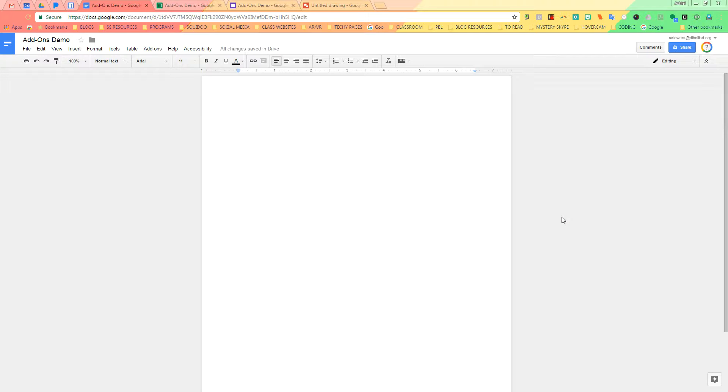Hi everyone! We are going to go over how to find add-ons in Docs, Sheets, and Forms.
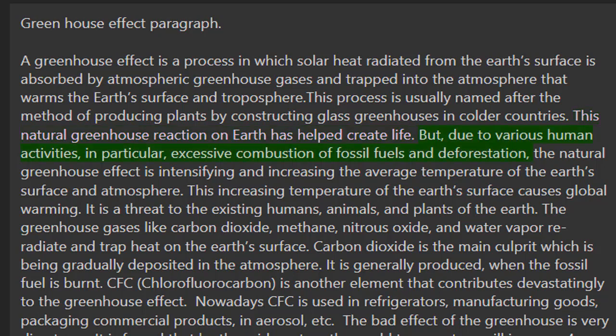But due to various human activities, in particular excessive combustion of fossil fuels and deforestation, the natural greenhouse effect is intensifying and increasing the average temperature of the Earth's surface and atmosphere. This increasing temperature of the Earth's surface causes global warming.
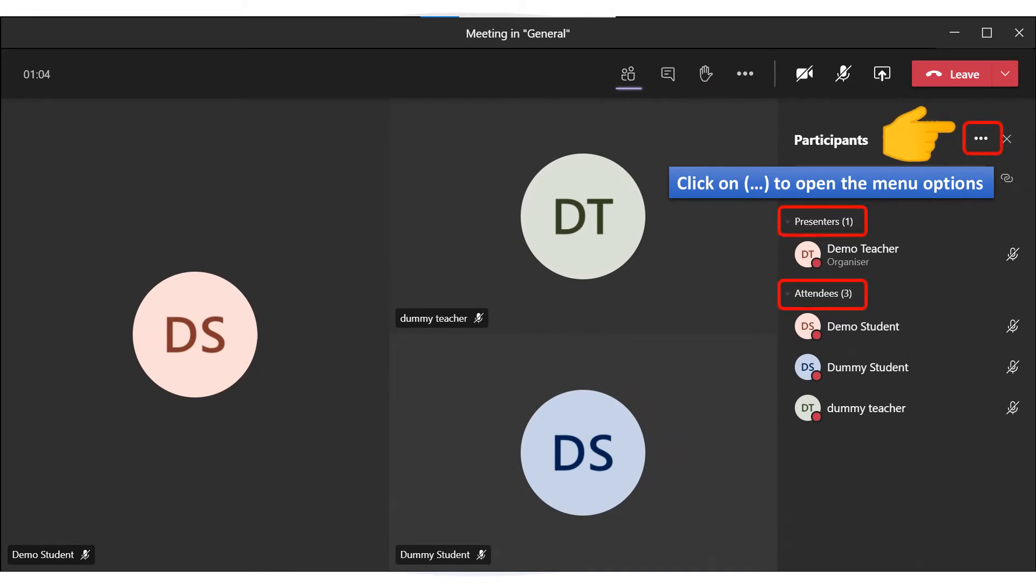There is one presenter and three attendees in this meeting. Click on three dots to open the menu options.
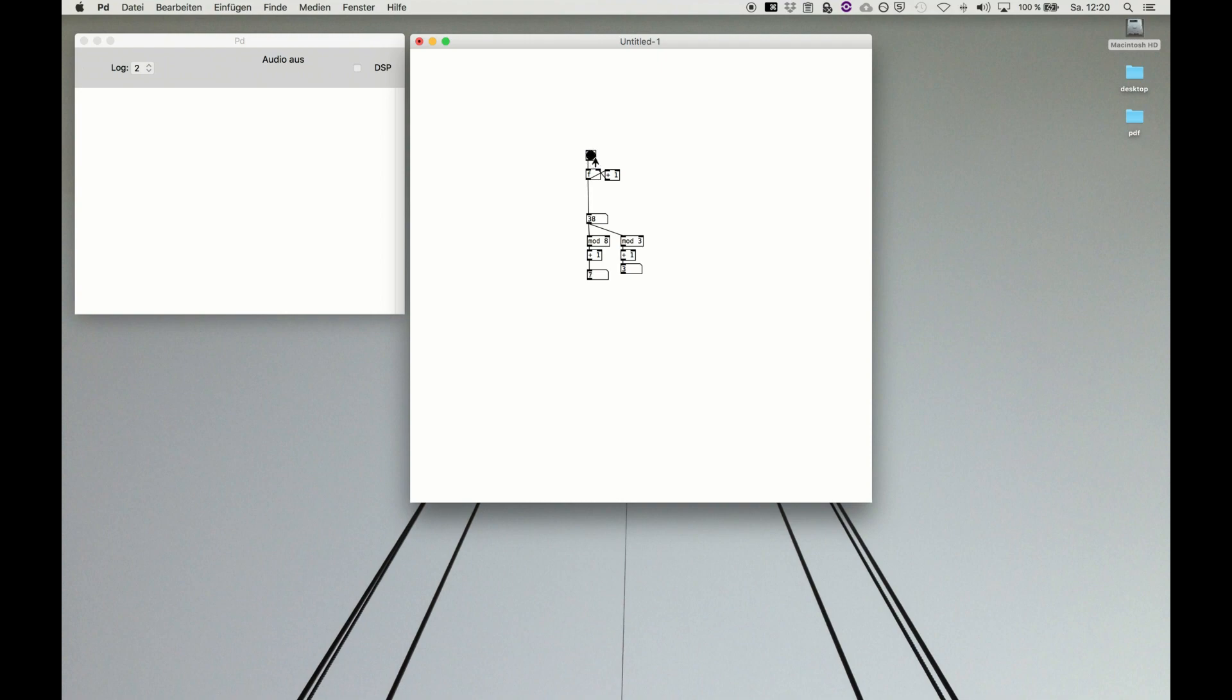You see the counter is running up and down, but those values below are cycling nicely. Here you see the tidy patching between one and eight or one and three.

======

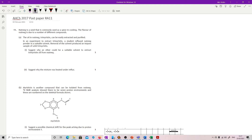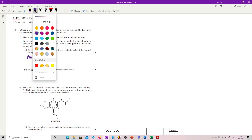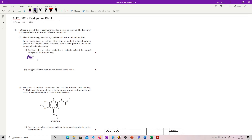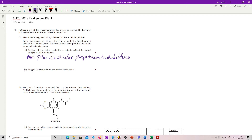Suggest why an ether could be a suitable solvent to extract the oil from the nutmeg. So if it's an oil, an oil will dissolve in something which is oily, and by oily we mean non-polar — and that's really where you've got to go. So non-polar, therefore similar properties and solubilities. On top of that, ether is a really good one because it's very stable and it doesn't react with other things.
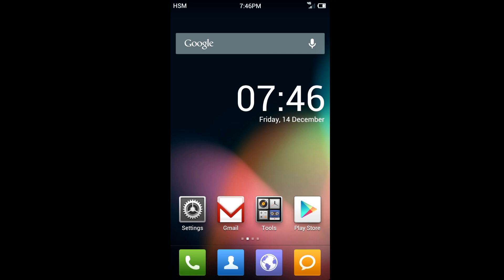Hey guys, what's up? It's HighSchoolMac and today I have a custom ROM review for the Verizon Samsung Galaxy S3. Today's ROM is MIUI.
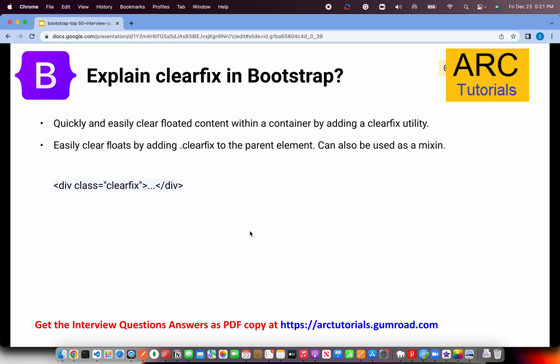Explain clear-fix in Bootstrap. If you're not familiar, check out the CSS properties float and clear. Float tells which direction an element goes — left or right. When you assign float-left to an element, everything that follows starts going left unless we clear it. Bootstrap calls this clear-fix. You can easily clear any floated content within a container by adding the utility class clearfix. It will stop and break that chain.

======

> Problem
For this exercise, reproduce exactly the lines of the records above from the one with "Suggest why an" up to and including the one with "Hey guys, what's", without pictures.

> Finished exercise
Suggest why an ether could be a suitable solvent to extract the oil from the nutmeg. So if it's an oil, an oil will dissolve in something which is oily, and by oily we mean non-polar — and that's really where you've got to go. So non-polar, therefore similar properties and solubilities. On top of that, ether is a really good one because it's very stable and it doesn't react with other things.
Hey guys, what's up? It's HighSchoolMac and today I have a custom ROM review for the Verizon Samsung Galaxy S3. Today's ROM is MIUI.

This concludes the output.